Nothing expresses the potential for humans to create a common ground for in-depth dialogue like improvisation revolving around the performers' individual awareness. A collection of five tracks recorded in a deconsecrated Spanish monastery by Carmen Morales on prepared piano, and Wade Matthews using digital synthesis and real-time processing of field recordings, Fall is an embodiment of this premise. It comprises a wide variety of resonant environments, kinetics with continually shifting interrelations, and serendipitous modifications in the state of sonic matter.
While any technically proficient improvising duo can produce a miscellany of timbres and dynamics, potentially attaining akin outcomes but often only superficially, it is also true that this pair's creative inquisitiveness is evident in every move they make. At the risk of a silly pun, Morales is in fact genuinely (and academically) prepared on the prepared piano. After years of study in Malaga and Stuttgart, her research thesis was actually titled The Physical-Acoustic Dimension of Prepared Piano. At just 32, she conveys an air of wisdom in the way she reacts to each instrument symptom as a caring doctor would to a patient's body signals. Matthews, a veritable electroacoustic scientist who can work with anything from wind instruments to the mind-boggling specifics of computer-based equipment, has put aside the composition studies of the past to privilege his capacity for quick thinking and lucid, imaginative responses to stimuli in a live setting.

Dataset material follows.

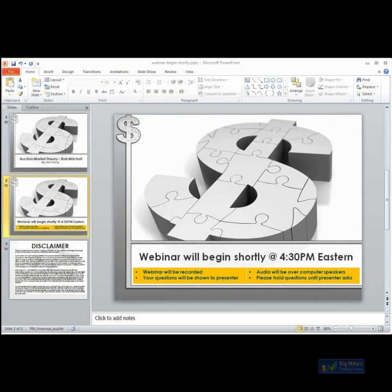Matt from Optimus Futures is also here today, and it's because of Matt that we've been introduced to Rob Mitchell. Before we get started with Rob, I'm going to briefly turn things over to Matt at Optimus Futures. He'll give you a quick overview of what services Optimus provides and answer any questions. As you have questions, type them into the questions box and we'll do our best to get everyone's questions answered. I'll also post the recording for this webinar on the site sometime tomorrow.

The music is diverse, laden with beneficial tension, not devoid of instants of stillness but rather, more commonly, marked by integrations of organic and ultramodern. As early as the opening "Aspen," a small universe of microorganisms with autonomous organization, capable of generating a combination of advanced counterpoint and intelligent noisemaking, quickly replaces the tolling murmur of low strings softly struck by Morales in contrast to the mutinous emissions of Matthews' laptops. Although the latter underlines the desire to come up with a non-evocative type of construction, when speaking of "Plunge And Tumble" he himself refers to "the erratic scurrying of practically weightless, brittle and curled leaves blown haphazardly along the pavement by the first winds of impending winter". If we extrapolate the poetic element from the description while listening to the aural equivalent, we can deduce that the seeds of memory deposited in our souls have always been and continue to be subject to evolutionary processes. Accordingly, Fall's acoustic biodiversity, at times born — to quote Matthews' notes again — from the simple act of looking into each other's eyes before beginning to play, is at once impressive and reassuring.